**WHAT YOU WILL DO**
In your copy of the data, omit the pictures and keep all else exactly as given.

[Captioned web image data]
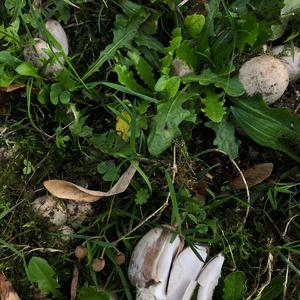 Unknown Species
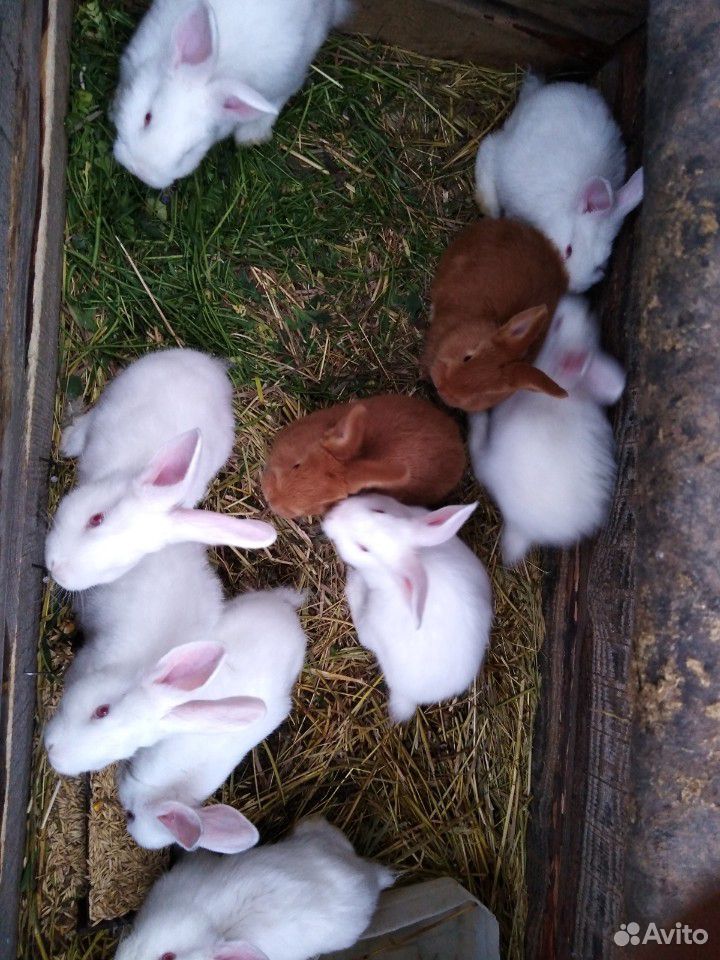 Кролики разных возростов купить на Зозу.ру - фотография № 3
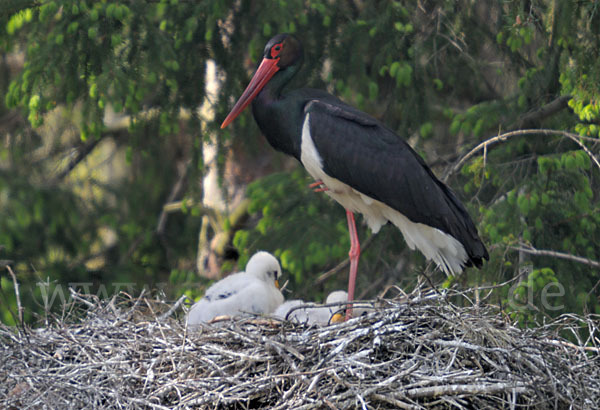 Schwarzstorch (Ciconia nigra)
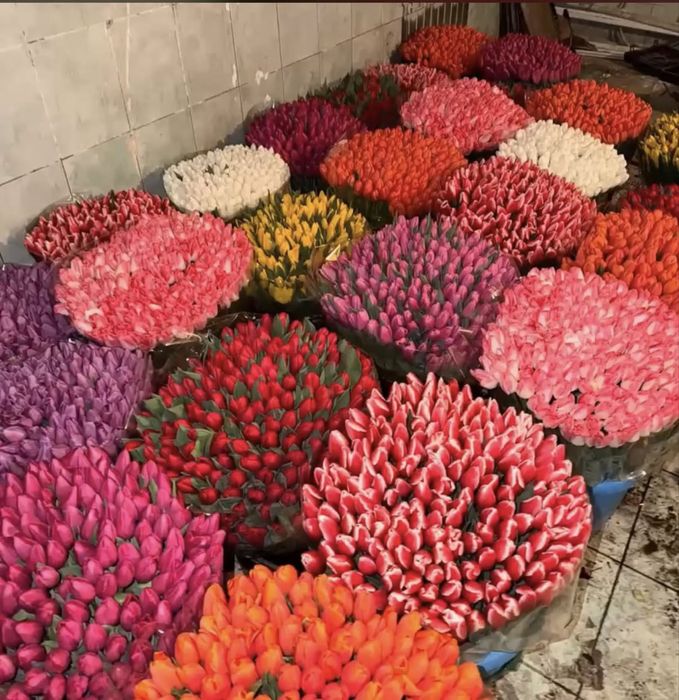 Продаю тюльпаны оптом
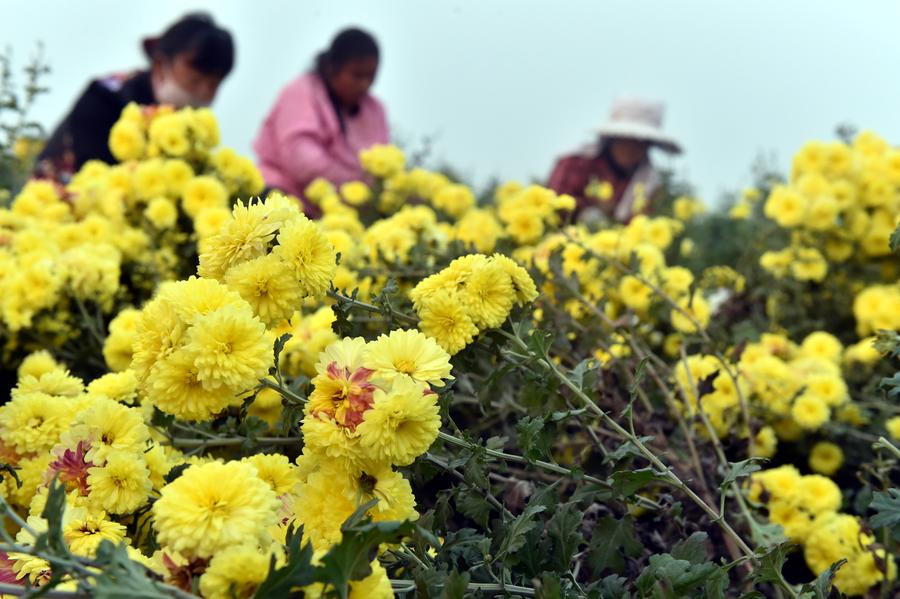 Chrysanthemums harvested in C China's Henan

**TASK ANSWER**
 Unknown Species
 Кролики разных возростов купить на Зозу.ру - фотография № 3
 Schwarzstorch (Ciconia nigra)
 Продаю тюльпаны оптом
 Chrysanthemums harvested in C China's Henan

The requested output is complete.